- From: Bijan Parsia <bparsia@cs.man.ac.uk>
- Date: Thu, 31 Jul 2008 16:32:11 +0100
- To: <conrad.bock@nist.gov>
- Cc: "'Peter Haase'" <haase@fzi.de>, "'Boris Motik'" <boris.motik@comlab.ox.ac.uk>, <public-owl-wg@w3.org>
On 31 Jul 2008, at 16:11, Conrad Bock wrote: [snip] > Most people who look at textual syntaxes at all will be looking at > RDF/XML, because it is file format output from graphical tools. Perhaps. I wouldn't be surprised if Manchester syntax was more common if only because of its place in protege 4 and topbraid composer. > They > will expect a metamodel reflecting that. This is a big leap. Most people who look at textual syntaxes don't think about metamodels at all :) > I can see how a metamodel > oriented towards "DL" or W3C abstract syntax would be useful for a > limited audience, but not the majority of OWL users. Au contraire. The RDF syntax *does* reflect the DL/functional syntax to a large extent. Just consider trying to read a simple class axiom in ntriples as oppose to a nicely framey RDF/XML version.
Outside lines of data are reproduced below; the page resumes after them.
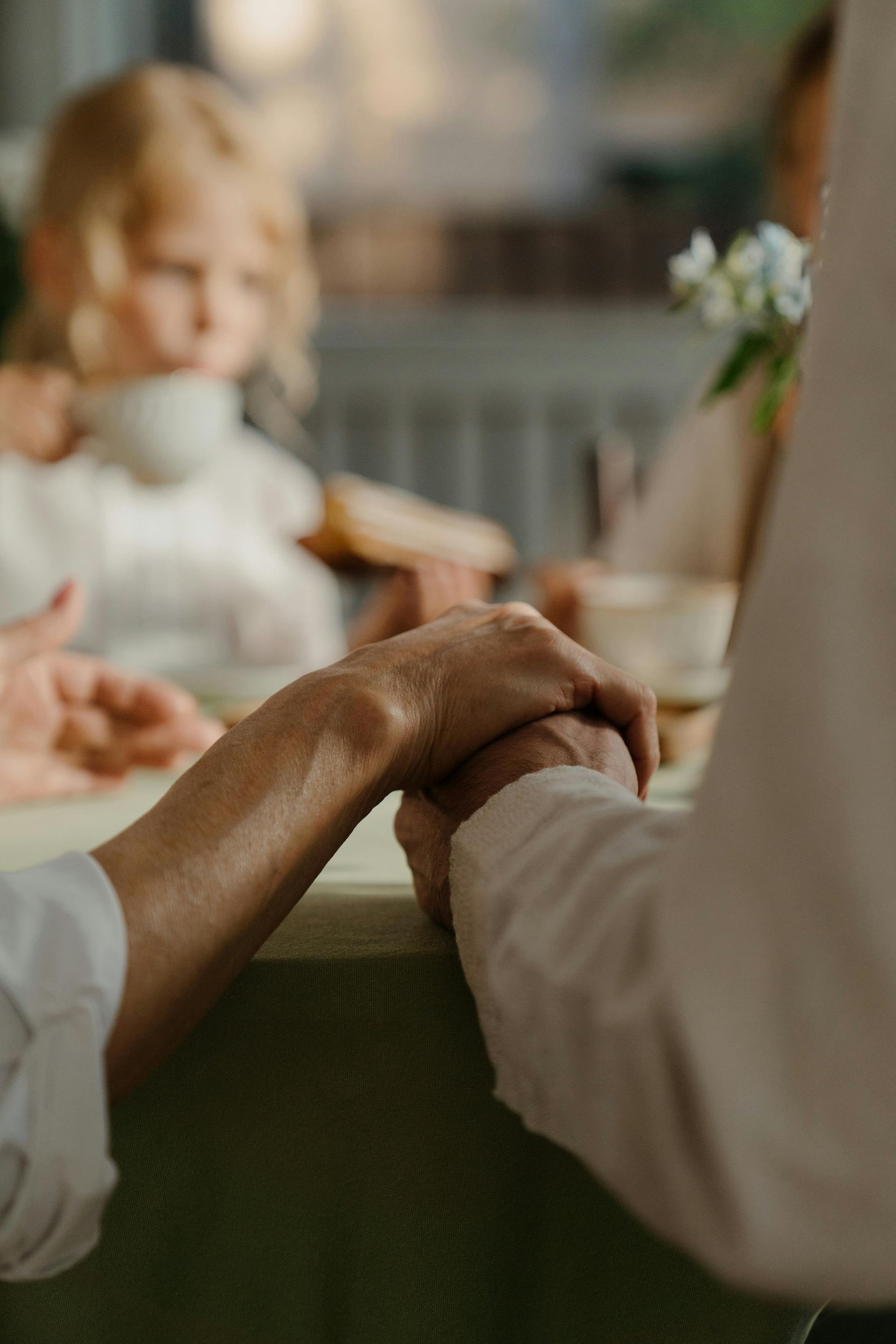 Two people holding hands over a table; a child and another person are blurred in the background.
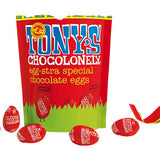 Tony's chocolonely fairtrade mini milk chocolate easter eggs share bag open on a white background next to some red chocolate eggs
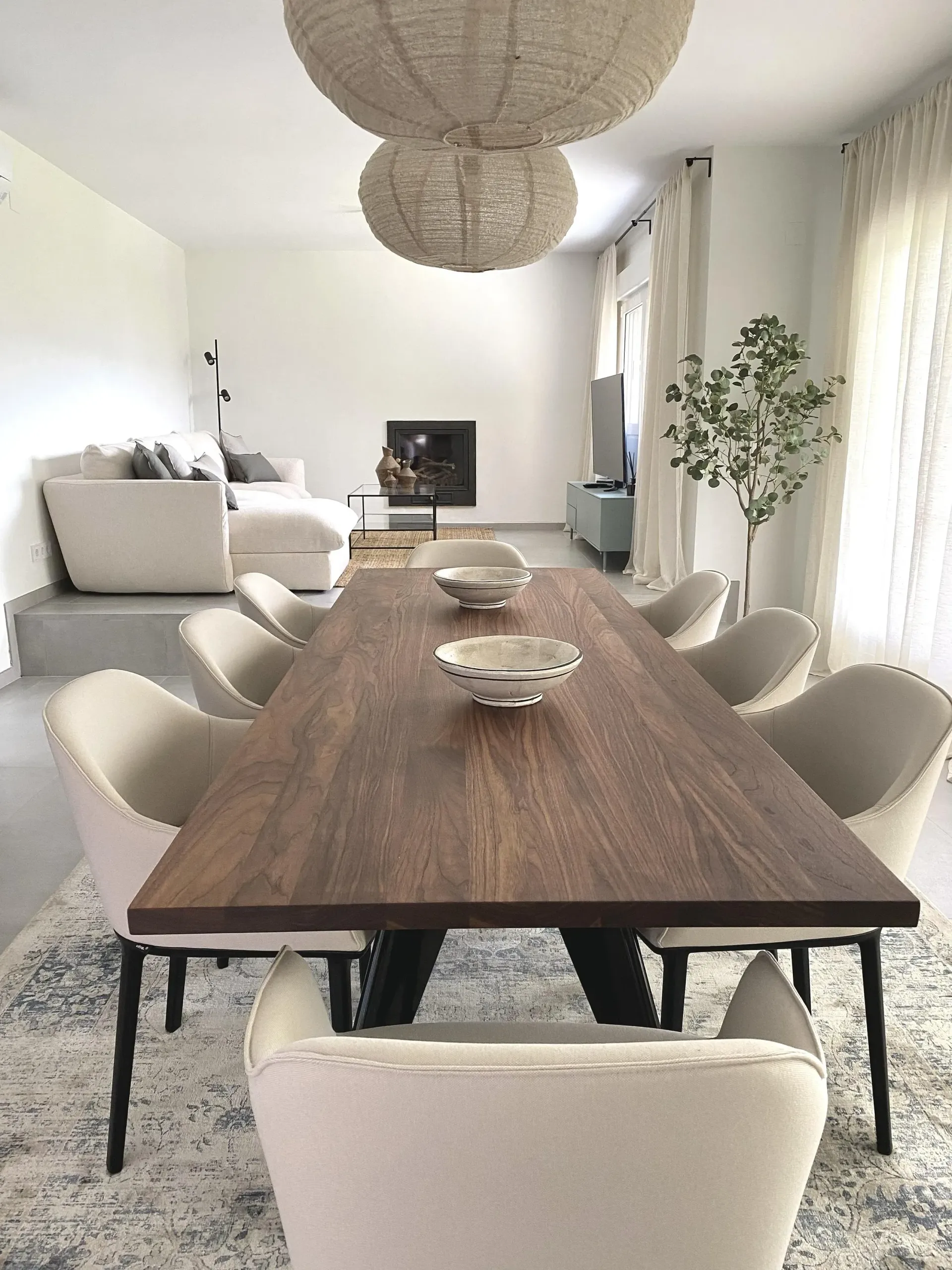 Una mesa de comedor larga de madera con sillas blancas en una sala de estar.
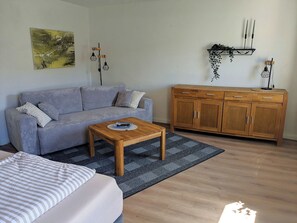 Una sala de estar con un sofá, una mesa de centro, un mueble y un cuadro en la pared.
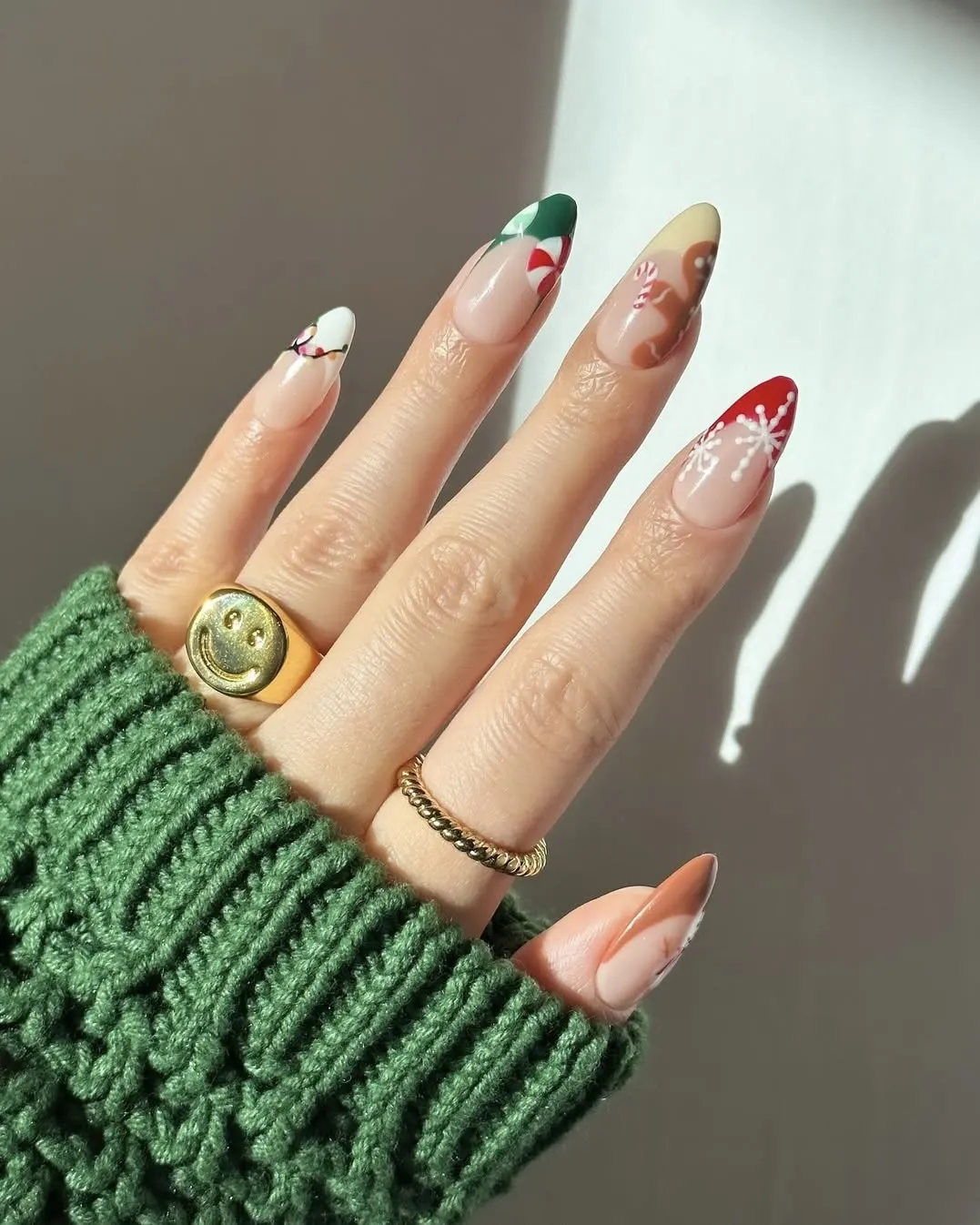 Snowflake nails with various colorful French tips and holiday-themed art.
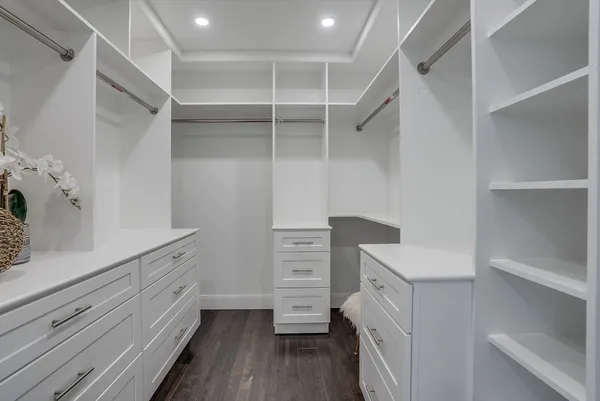 a view of cabinets and wooden floor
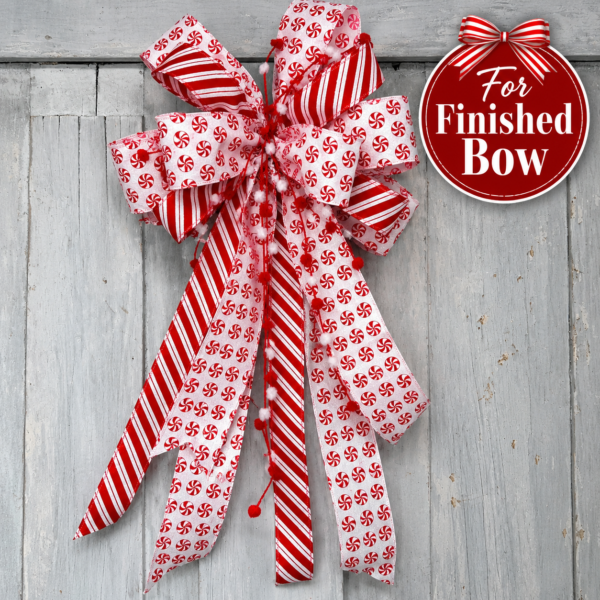 Handmade red and white peppermint Christmas bow with candy cane striped ribbon, pom pom accents, and long tails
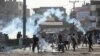 Supporters of the Tehreek-e-Labaik Pakistan (TLP) Islamist political party throwback tear gas canisters fired by police during a protest against the arrest of their leader in Lahore, Pakistan, Apr. 13, 2021. 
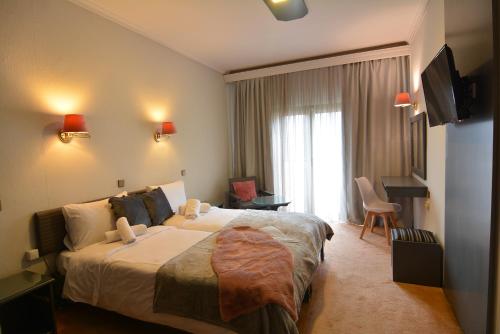 een hotelkamer met een groot bed en een televisie bij King Alexander in Florina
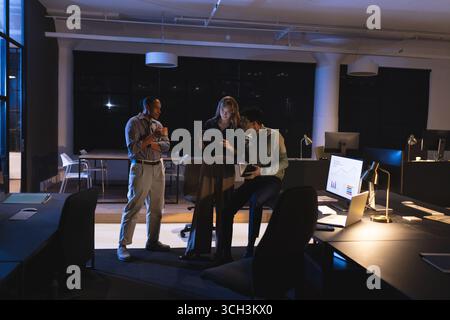 Business diverse professionals collaborating on tablet in modern office during late night Stock Photo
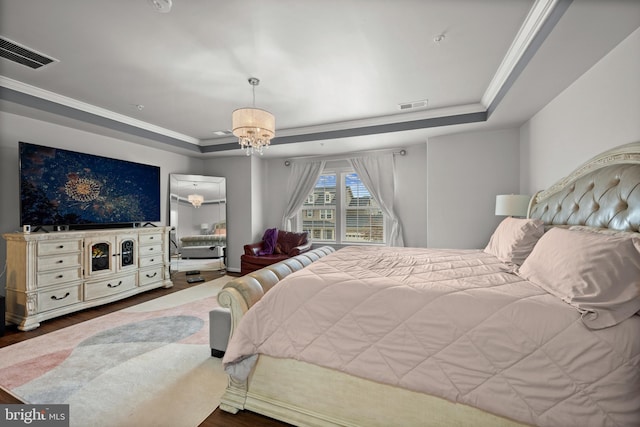 bedroom featuring crown molding, an inviting chandelier, a raised ceiling, and hardwood / wood-style floors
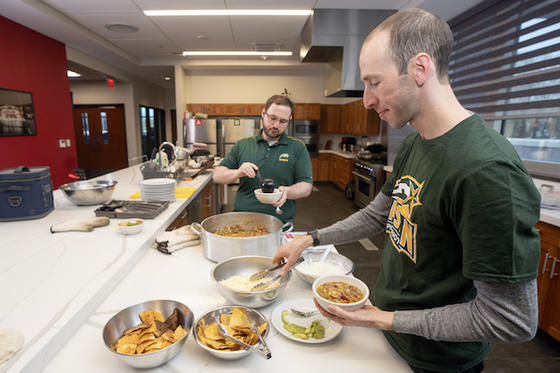 Registered dietician students cook nutritious meals for local firefighters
It's obvious that the triple level version of expressions is *not* what most people think in terms in. It's not helpful *at all*. I think that some flavor of the current metamodel does, in fact, usefully generalize over all the concrete syntaxes I've seen proposed. As such, it's *really useful* as a common conceptual framework. If we proliferate metamodels, then we raise the cost of concrete syntaxes considerably. Cheers, Bijan.